[MATERIAL FOR THIS EXERCISE — start]

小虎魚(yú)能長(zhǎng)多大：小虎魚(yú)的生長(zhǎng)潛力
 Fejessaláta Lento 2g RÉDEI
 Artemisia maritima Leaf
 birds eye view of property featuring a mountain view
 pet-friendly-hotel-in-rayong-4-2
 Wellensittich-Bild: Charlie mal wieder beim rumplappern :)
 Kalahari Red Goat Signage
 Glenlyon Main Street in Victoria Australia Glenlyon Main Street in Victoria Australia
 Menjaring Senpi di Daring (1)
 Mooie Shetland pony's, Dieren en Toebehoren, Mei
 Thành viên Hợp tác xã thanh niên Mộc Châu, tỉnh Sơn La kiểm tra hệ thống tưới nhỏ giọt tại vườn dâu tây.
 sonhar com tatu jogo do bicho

[MATERIAL FOR THIS EXERCISE — finish]

**THE PROBLEM:** Give again, unchanged, the lines running from the top of the material above through the line that has "Kalahari Red Goat Signage", and nothing more.

**ANSWER TO THIS TASK:**
小虎魚(yú)能長(zhǎng)多大：小虎魚(yú)的生長(zhǎng)潛力
 Fejessaláta Lento 2g RÉDEI
 Artemisia maritima Leaf
 birds eye view of property featuring a mountain view
 pet-friendly-hotel-in-rayong-4-2
 Wellensittich-Bild: Charlie mal wieder beim rumplappern :)
 Kalahari Red Goat Signage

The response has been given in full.